Rudy Florio

No. 15, 57, 12
- Positions: Running back • Tight end

Personal information
- Born: March 26, 1950 (age 75)
- Listed height: 5 ft 10 in (1.78 m)
- Listed weight: 195 lb (88 kg)

Career information
- High school: Glendale (Hamilton, Ontario)
- College: Youngstown State
- CFL draft: 1973: 5th round, 37th overall pick

Career history
- 1973–1976: Montreal Alouettes
- 1977–1978: BC Lions

Awards and highlights
- Grey Cup champion (1974); Vanier Cup champion (1984);

= Rudy Florio =

Canadian gridiron football player (born 1950)

Rudy Florio (born March 26, 1950) is a Canadian former professional football running back who played six seasons in the Canadian Football League (CFL) with the Montreal Alouettes and BC Lions.
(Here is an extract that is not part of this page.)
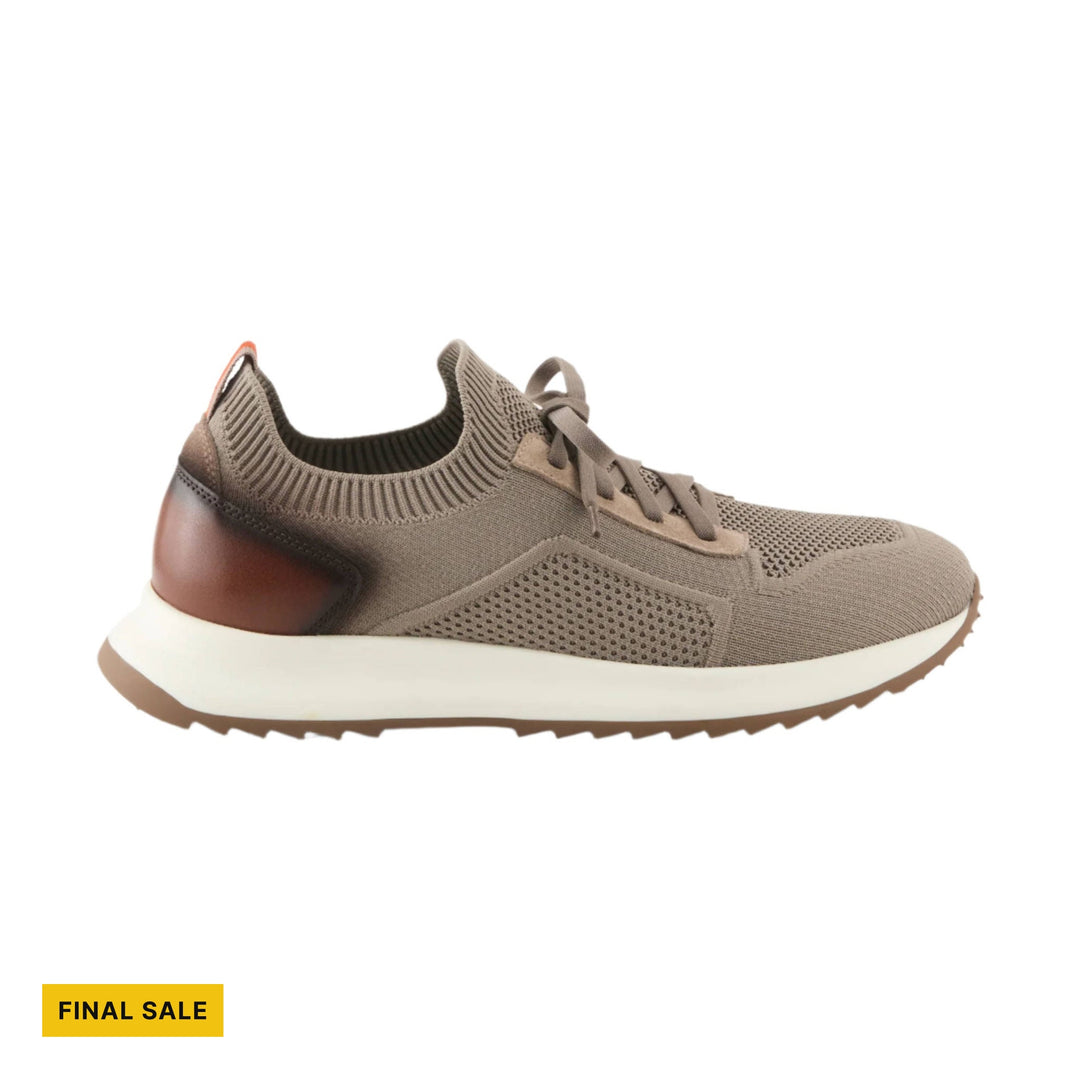 Taupe knit athletic sneaker with white platform sole and brown heel accent, shown in side view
He was selected by the Lions in the fifth round of the 1973 CFL draft after playing college football at Youngstown State University.

==Early life and college==
Rudy Florio was born on March 26, 1950. He played high school football at Glendale Secondary School in Hamilton, Ontario. He scored 12 touchdowns his senior year.

Florio played college football for the Youngstown State Penguins of Youngstown State University. He rushed 93 times for 401 yards and two touchdowns his senior year in 1972 while also catching 18 passes for 194 yards and one touchdown. He graduated from Youngstown State in 1973 with a bachelor's in business administration.

==Professional career==
Florio was selected by the BC Lions in the fifth round, with the 37th overall pick, of the 1973 CFL draft. Despite this, he ended up playing for the Montreal Alouettes during the 1973 season. He dressed in all 14 games for the Alouettes in 1973, totaling six carries for 36 yards, two catches for negative three yards, and three kickoff returns for 62 yards. Florio dressed in 16 games during the 1974 season, recording 12 rushing attempts for 51 yards, five receptions for 58 yards, three kickoff returns for 66 yards, and nine punt returns for 45 yards. The Alouettes finished the year with a 9–5–2 record, and won the 62nd Grey Cup against the Edmonton Eskimos by a score of 20–7. In 1975, Florio became the Alouettes first-ever special teams captain. He dressed in all 16 games during the 1975 season and returned one kickoff for 15 yards. The Alouettes went 9–7 and lost in the 63rd Grey Cup by a score of 9–8. While with the Alouettes, he wore two different jersey numbers during the same games. As a backfield substitute, he had to wear number 15 and as a left guard on the punt unit, he had to wear number 57. Florio dressed in 15 games in 1976, recording 17 rushes for 60 yards, four receptions for 18 yards, and one kickoff return for four yards.

On June 14, 1977, Florio was traded to the BC Lions for future considerations. He dressed in all 16 games for the Lions in 1977, totaling four carries for 14 yards, one catch for 11 yards, and four kickoff returns for 54 yards. He dressed in nine games during the 1978 season, rushing five times for 23 yards while also returning three kickoffs for 49 yards. In September 1978, Florio broke a bone in his right hand and missed the rest of the season. He was special teams captain both years he was with the Lions.

==Personal life==
While still in the CFL, Florio founded a sports wear company called RWF Marketing. He was also later a founder of Liaison College, a culinary arts academy.

Florio won the 20th Vanier Cup as an assistant coach with the Guelph Gryphons in 1984.